The clock we bought from IKEA several years ago started to lose its face. This caused the hands to get stuck and we needed a new clock. I am currently busy making a wooden clock (including the mechanism), from plans that my wife bought me (click here for the most awesome wooden clock site anywhere), but I thought I will make something a bit less ambitious in the meantime. I thus designed and made this warped clock-face and added a normal quartz mechanism:
The video below is a speed up version of the whole DIY process described below (high speed cutting start at 0.25):
I wanted to make something that is a bit unique and have recently seen several wooden objects with a “digital flaw” designed into the object. The process thus starts with the design and I drew a reasonably normal face and digitally warped it and printed the image.
Since the face is quite thin I decided to make several at once (the additional clocks can be bought here).
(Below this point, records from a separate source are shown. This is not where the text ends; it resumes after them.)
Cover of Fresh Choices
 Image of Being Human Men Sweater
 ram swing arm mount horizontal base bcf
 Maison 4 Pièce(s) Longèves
I cut stack two 4 mm and two 6 mm pieces and tape it together (total thickness is thus 2 cm which is no problem). The time per cut is slightly slower but the overall time to make four clocks is much, much faster.
I use masking tape (painters tape) on the wood itself and use a glue stick to stick the pattern to the tape. I find that the masking tape is very easy to remove from the wood. It also reduce the amount of splintering (especially when crosscutting pine plywood). The stacks are also held in place with the masking tape. I cover the pattern with packing tape. Once this is set up I drill the entry holes.
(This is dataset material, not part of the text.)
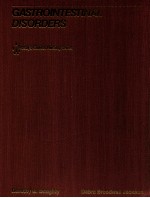 Gastrointestinal disorders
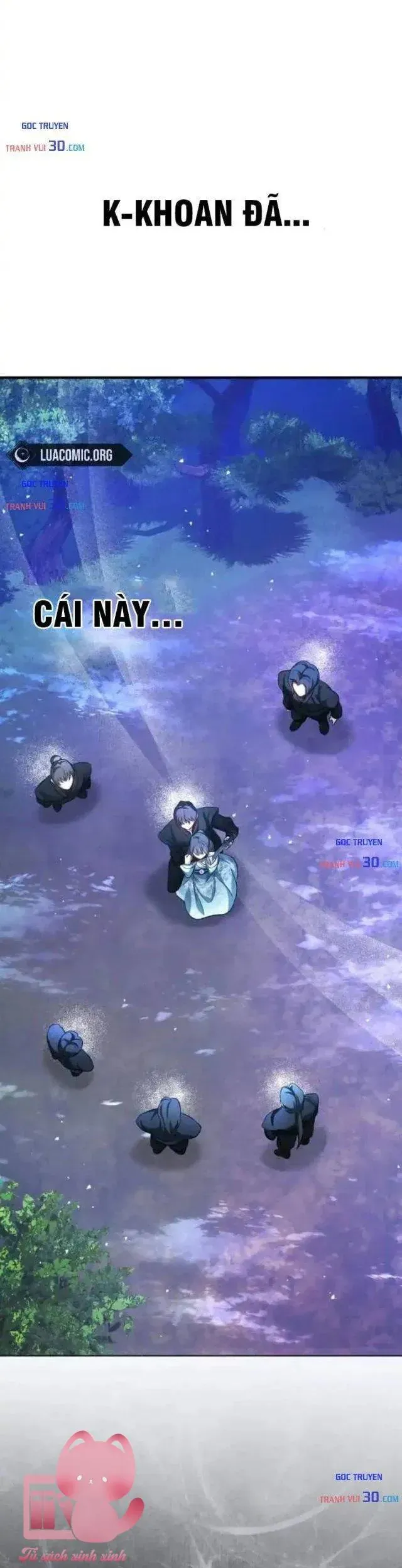 Nha Hoàn Mạnh Nhất Ma Giáo Chap 6 - Next Chap 5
At this stage I had all these pieces and got side tracked. I posted this on Facebook and asked people to guess what I am making. I promised a small prize and this was the beginning of the competitions that I now sometimes have (here is the current competition):
I continued with the outside cuts. I did however need to re-wrap the stacked pieces together as the masking tape originally keeping the stacks together (on the outer edge) was cut away.
Once done I started to remove the template and tape.
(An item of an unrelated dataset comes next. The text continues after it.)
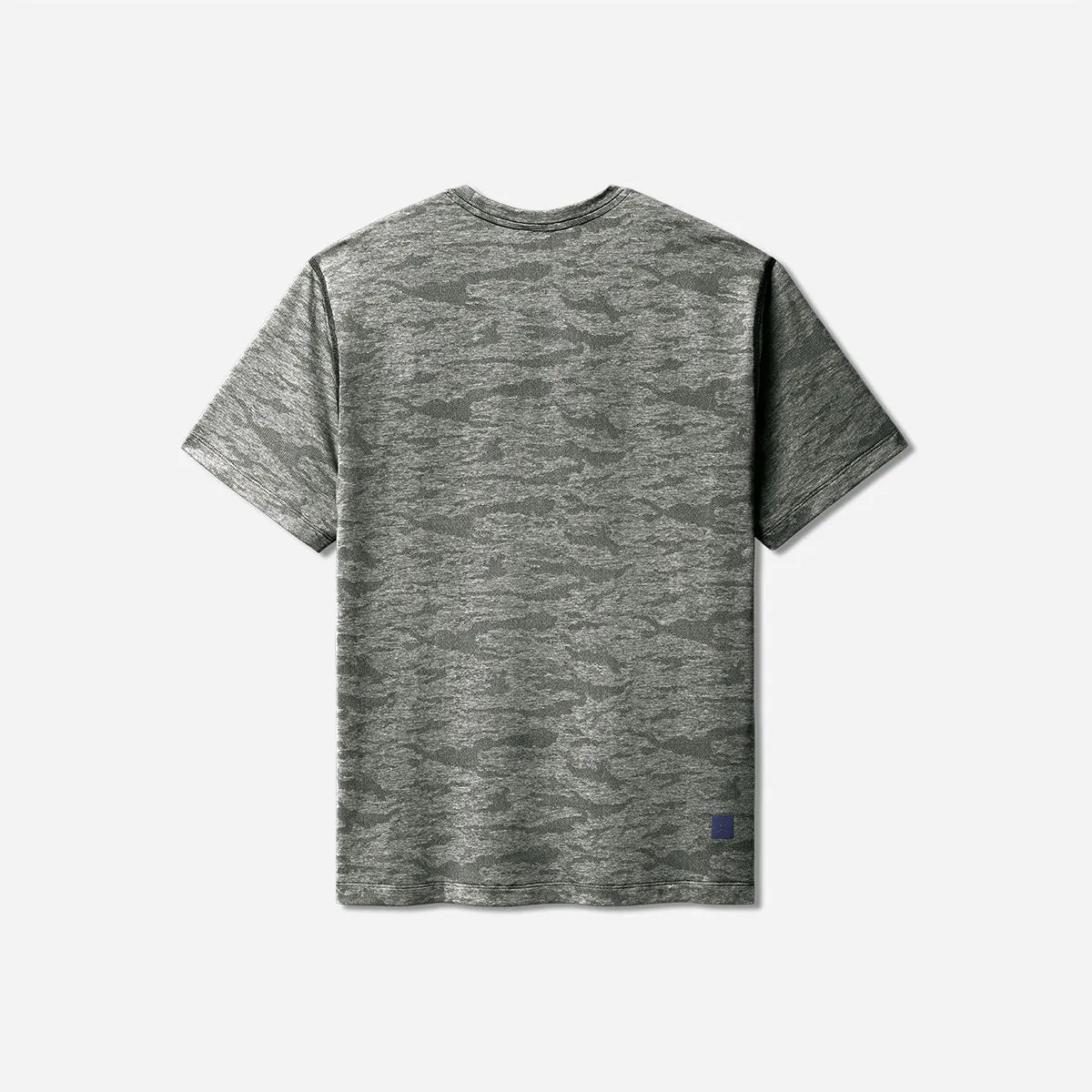 CamoKnit Shirt 2.0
Which led to four identical clock faces. As usual with all woodworking projects, a lot of sanding takes place. Each piece was sanded from 240 to 800 grit.
I coated the faces with clear lacquer and the differences in color became quite apparent. Next, the fitting of the quartz mechanisms. I simply stuck them to the wood with some hot-glue and added the hands.
I am happy with how these clocks turned out. A few people had comments on what a shame it was that the wood warped in such an ugly fashion, which gave me a nice feeling of accomplishment 🙂
One clock is now in our kitchen and the others I will sell (here). I will, in the future, probably design more digital error patterns and have several plans to make pixelated wooden items.